Accusano la classe dirigente. E loro cosa sono? Non è che i responsabili del disastro nazionale, per non renderne conto, usino l’élite meridionale a loro subalterna, per scaricare le colpe sulla servitù? I nostri generali decimavano le truppe per punirle delle battaglie che loro perdevano. E oggi, chi ha deciso quasi sempre e quasi tutto, forse vuole assolversi accusando una “classe dirigente meridionale” che, se “sussidiaria e subalterna” nel potere, lo è pure nelle colpe. Ne ha, grandi, ma in proporzione a quelle enormi della classe dirigente nazionale che ha squilibrato il Paese, concentrando risorse e infrastrutture in CentroNord. I proconsoli del Sud accettano, in cambio di mezzi per comprare consenso e restare proconsoli.

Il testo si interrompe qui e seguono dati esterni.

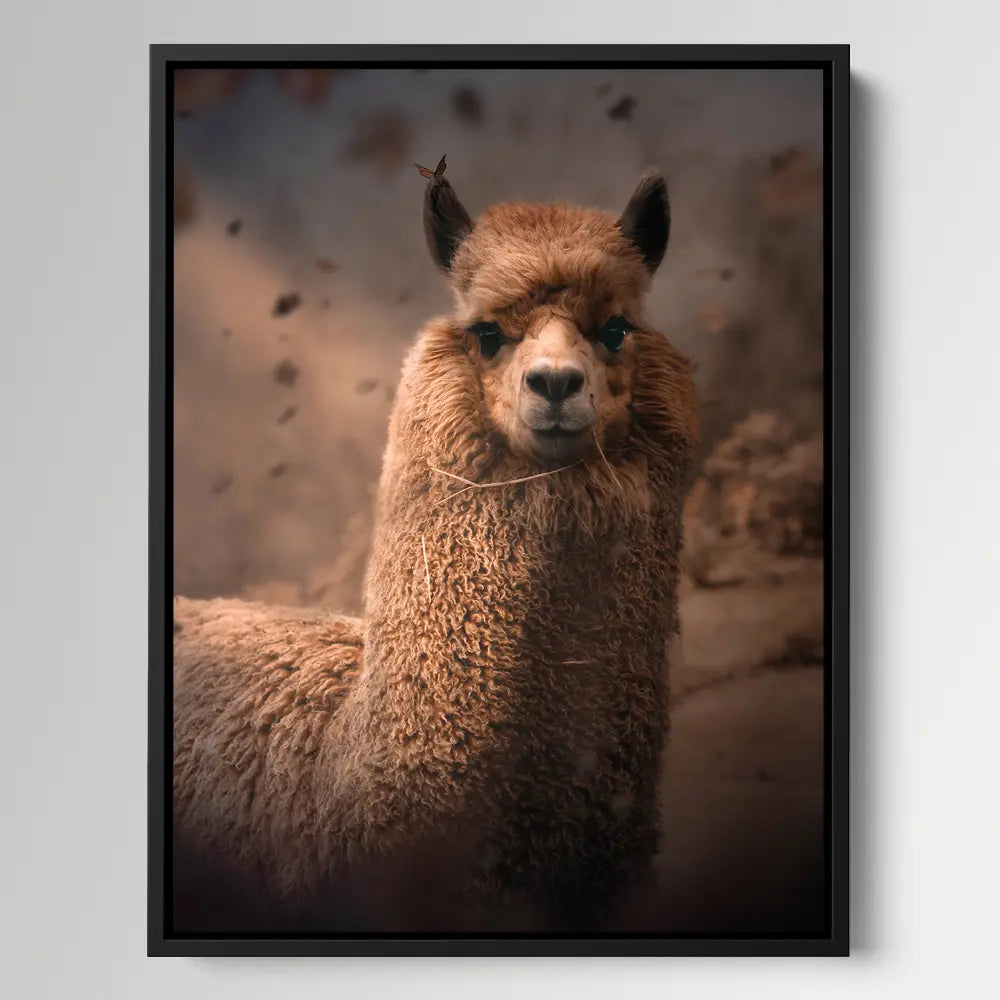 Alpaca Dust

Ma chi dice questo offrirebbe alibi al “blocco di potere” meridionale, in cui entra, da subalterno. “Sudisti”, li chiamano i “nordisti”, per distinguerli da “veri” meridionalisti e meridional-nordisti di complemento, con un ricorso sovietico a categorie verbali per condannare “l’altro”, a prescindere. Credo ce l’abbiano pure con me, nonostante abbia sempre rifiutato candidature e proposte politiche.

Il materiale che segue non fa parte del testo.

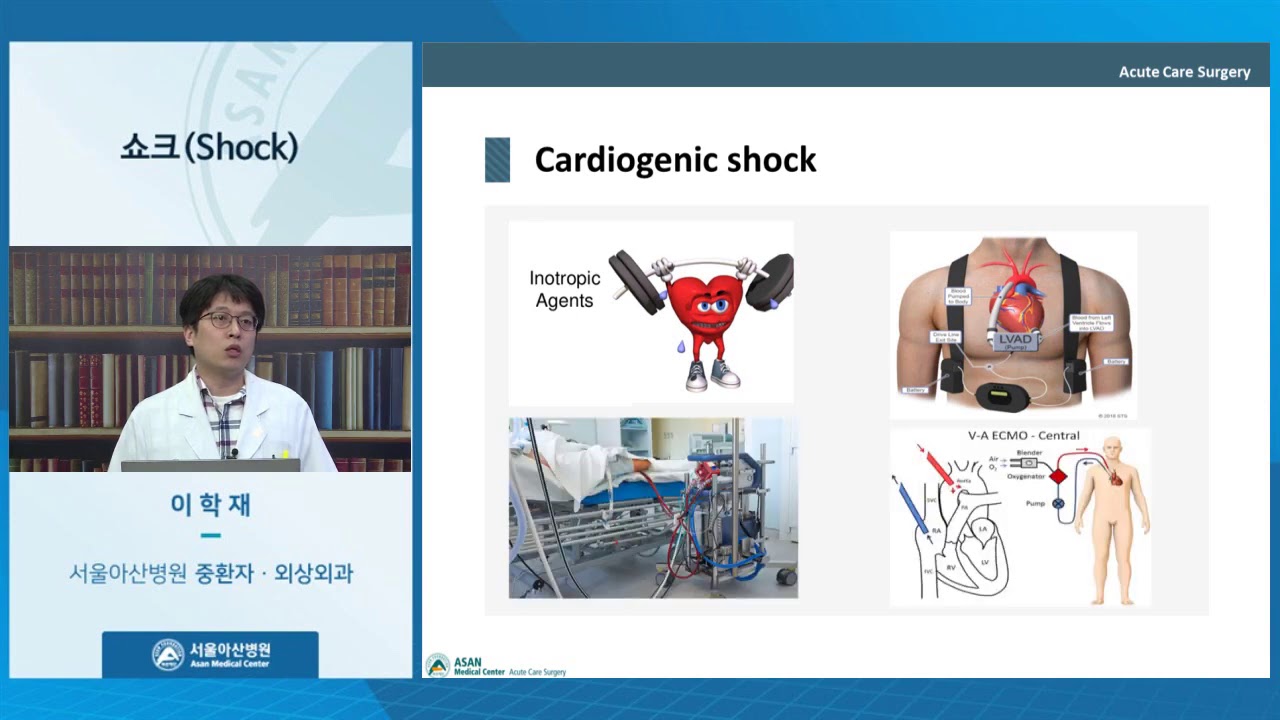 쇼크(shock)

Di sicuro, con i neoborbonici, che da vent’anni scovano documenti ignoti agli accademici; mai uno di loro è entrato in politica e son tutti repubblicani, tranne alcuni che sognano il ritorno d’o Rre (e ho amici in Friuli che rivogliono Cecco Beppe; meno uno che preferirebbe i Borbone, avendone appreso dal figlio che ha studiato a Napoli). Ma per far politica serve un nemico («Stiamo per farvi qualcosa di terribile», disse Georgy Arbatov, agli americani, per spiegare la perestrojka: «stiamo per togliervi il nemico»). Se non ce l’hai, lo inventi. Facendo danni: una mamma, a Napoli, è disperata per la figlia, fidanzata con un bravo ragazzo, purtroppo non camorrista, drogato…, ma neoborbonico! La sorella, che vive a Milano, le fa i dispetti: sua figlia sta con il Trota.

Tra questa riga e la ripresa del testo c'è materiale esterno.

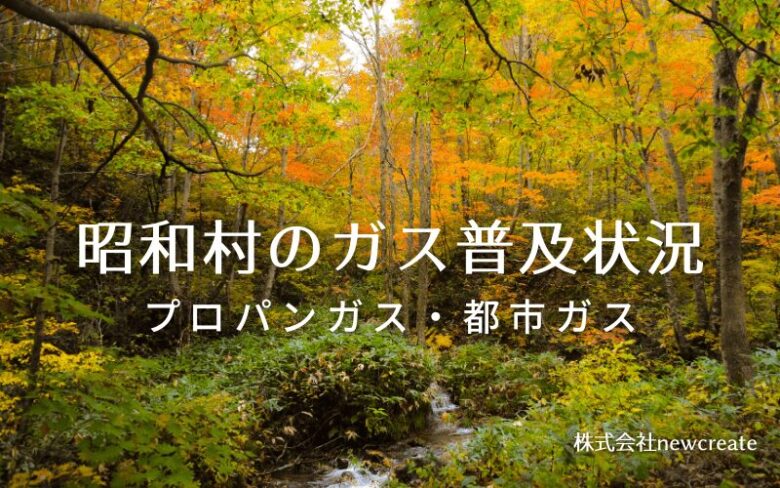 福島県昭和村のプロパンガスと都市ガス普及状況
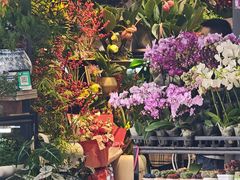 -溪岸路花鸟市场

Perché intellettuali molto potenti sostengono tesi così deboli (“Tutta colpa del Sud”), con mezzi così grandi? Un “ritornello vittimista” che ingigantisce alcune innegabili colpe, per oscurarne altre più grandi, presenti e storiche. Ormai, qualunque sia l’argomento, se non concludi con “tutta colpa delle classi dirigenti meridionali”, sei sudista, forse sudicio.
Il sospetto è che il coro nordista (chi di sudismo ferisce, di nordismo perisce) miri a creare clima e opinione pubblica per la secessione da Nord, ma “per colpa del Sud”. Non è così? Allora, maestrini padani e nordisti di complemento levino finalmente la voce contro il decreto che condanna a morte le università del Sud, per difetto di latitudine; l’assegnazione dei fondi per combattere l’evasione scolastica, che schiva la Campania, la regione più colpita, e inonda la Lombardia; la distribuzione del 97 per cento dei soldi per le scuole terremotate al Nord e il 3 per cento al Sud (dove ce ne sono la gran parte); le reti ferroviarie, elettriche, autostradali europee a Nord, da terzo mondo a Sud… Devo continuare?
Più dura il complice silenzio su questi temi, più fondato il sospetto che l’assoluzione in blocco delle classi dirigenti del Nord e la condanna in blocco di quelle del Sud preludano ad altre scelte politiche ed economiche a danno del Sud.